14. The advent of the new, Web 2.0 internet has brought great potential educational tools (Facebook, Ning, Twitter, Moodle). Students can collaborate and share 24/7 and access assignments and fellow classmates at any time, any day.

15. What student doesn’t love to take their learning with them? With MP3s and iPods, students create easily-shared podcasts. Applications are easy to add; there are enormous collections of academic applications helpful to students in their daily learning.

16. YouTube provides the possibility of accessing millions of (often student-created) videos, an excellent resource. Tutorials alone on YoutTube will help students gain further understanding of concepts and lessons not fully grasped during class. The ability for students to showcase some of their learning to a worldwide audience provides an added incentive and a purpose, really, to produce higher-quality work. The opportunities are endless.

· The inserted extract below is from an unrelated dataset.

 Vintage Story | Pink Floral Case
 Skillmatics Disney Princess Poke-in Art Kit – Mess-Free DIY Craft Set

17. Boring, perhaps, but let’s hear it for databases that can and will transform education,  allowing mass amounts of information to be stored and quickly retrieved. Educators worldwide are now able to learn a great deal about their students thanks to key data at their fingertips, data allowing educators to mold learning to individual student needs.

18. Lastly, who can deny the possibilities XBOX 360’s new Kinect offers to education?  Physical education uses are obvious, but with a little programming, imagine the ability to dissect an animal with your hands without the necessity of having a real one there. With the user’s body as the controller, the user now becomes part of the program they are immersed in. Being part of the software they are currently using will only lend itself more engaged learning.

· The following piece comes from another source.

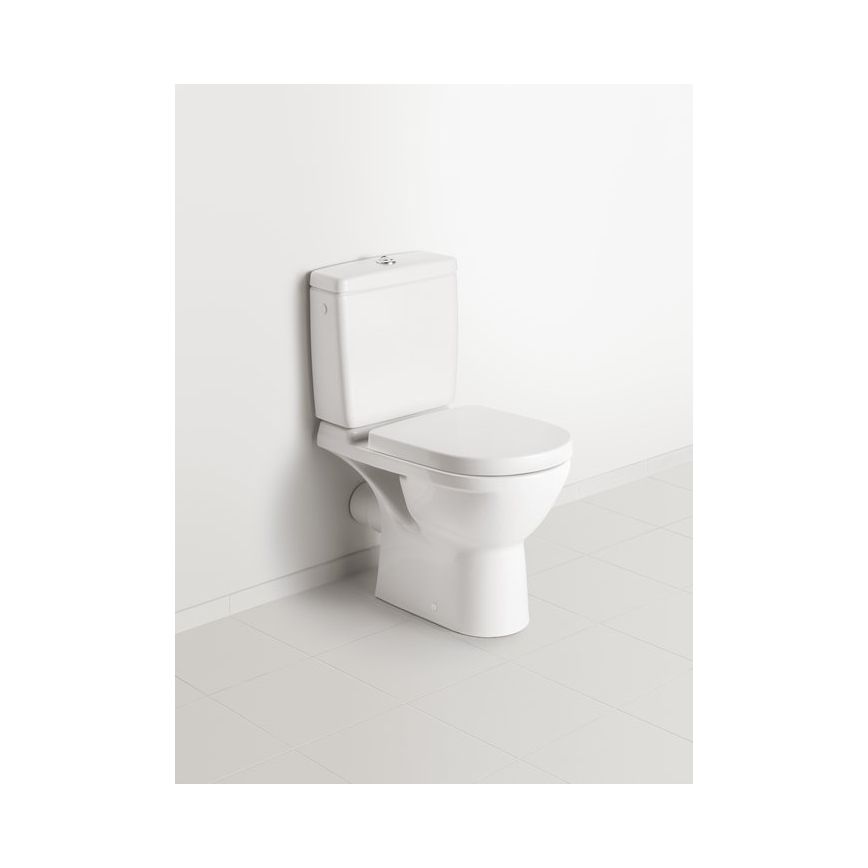 Villeroy & Boch 5788S101 - Kombi-Spülkasten O.NOVO, Rück-/Seiteneinlauf, weiß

As you can see, I could go on for days. The fact is, technology is transforming education, especially student learning, in profound and previously unimagined ways. Though I believe that these technologies should not drive our instruction, I do hope they will transform it to help make learning more engaging—while simultaneously broadening our scope of knowledge. What would you add to this list? Also, any other thoughts? Please share!

Greg Limperis is a Middle School Technology Facilitator in Lawrence, Mass., who founded the very popular Technology Integration in Education professional learning network, reaching thousands of educators worldwide. He has shared with others what he knows and they have joined him in sharing their insights as well. Join them in bringing about change using your 21st century skills.

Visit: http://www.technologyintegrationineducation.com

  • Lindsey


    SmartEd Services’ TAP•it™ (mentioned in #6 above)
    enhances accessibility through design and Intended Touch technology.

    See video of how the new, interactive, adaptable workstation in action: http://www.teachsmart.org/tapit/index.html

  • Matt


    Great post! I just wish many school districts can become willing to start taking advantage of all these learning tools. Many items you listed are either prohibited or blocked by my district. Let’s hope schools can start seeing the benefits and get caught up with the rest of the world.

  • monica schnee


    Loved the post! A few thoughts: at the elementary level, so much is still defined and determined by the teacher, many educators are not quite knowledgeable or confident to embrace it.I agree with Matt, blocking is still an issue! All of the tools should not guide instruction but enhance and extend it. I see that you are referring to districts and technology but my concern is that too many parents still have no access to it. So, technology should ultimately be one place we should look at to close the achievement gap and the divide between those who have and those who don’t. But as it is, it still is one more tool to continue to empower those with access. We must figure out how to make it available and affordable to all. The powerful message I get from your post is one: accessibility and affordability are a must in order for all students to benefit.